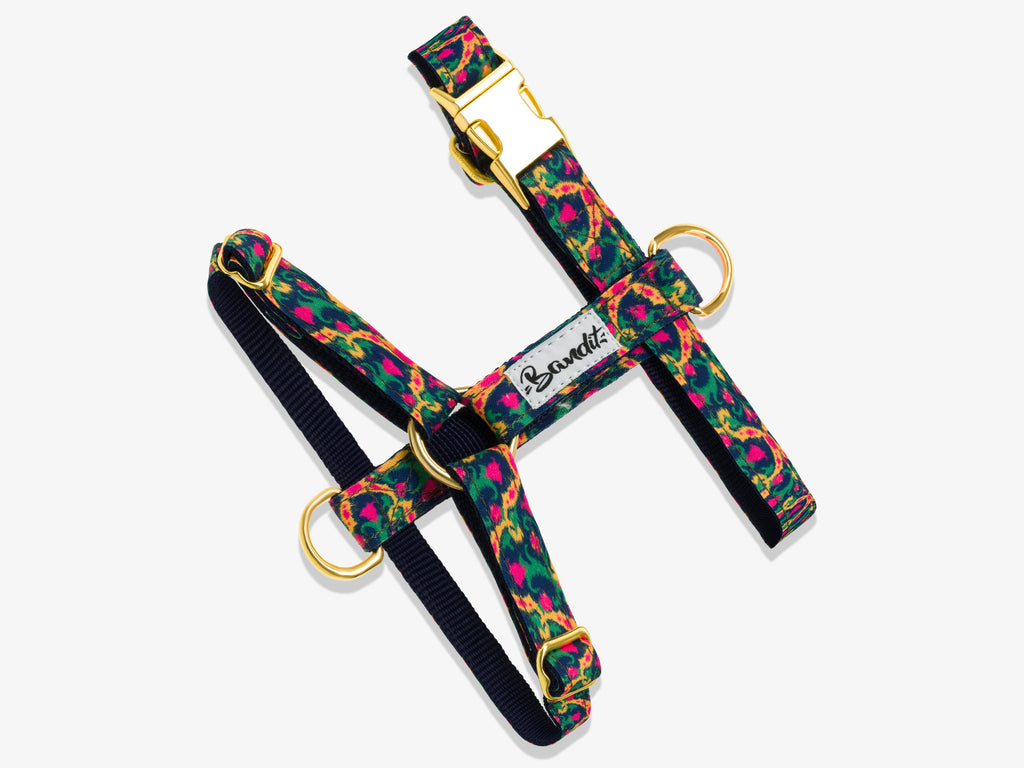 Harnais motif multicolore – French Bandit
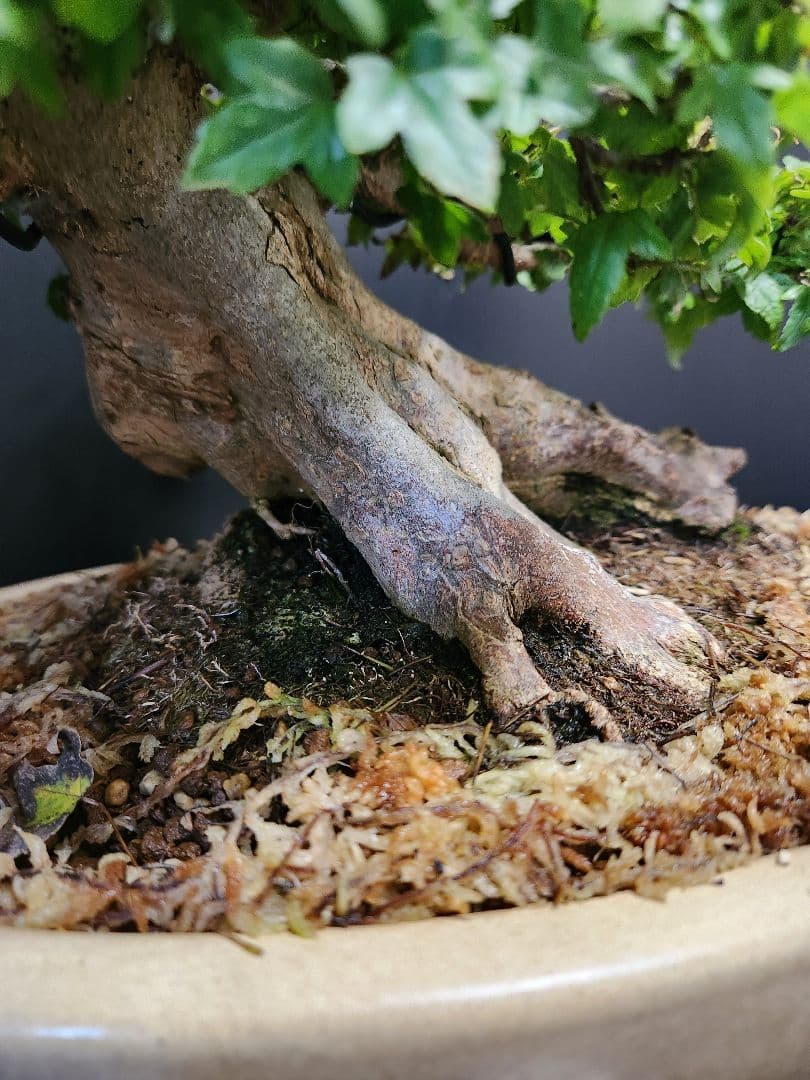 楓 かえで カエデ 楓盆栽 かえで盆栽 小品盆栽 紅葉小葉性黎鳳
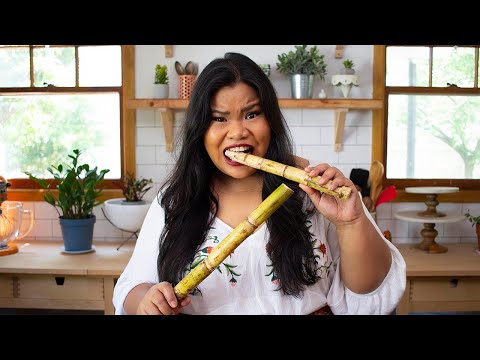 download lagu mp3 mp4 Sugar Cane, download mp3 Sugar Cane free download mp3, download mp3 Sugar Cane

Directions for this task:
Copy out nothing but text: transcribe the listing exactly and skip each picture.

Result:
 Harnais motif multicolore – French Bandit
 楓 かえで カエデ 楓盆栽 かえで盆栽 小品盆栽 紅葉小葉性黎鳳
 download lagu mp3 mp4 Sugar Cane, download mp3 Sugar Cane free download mp3, download mp3 Sugar Cane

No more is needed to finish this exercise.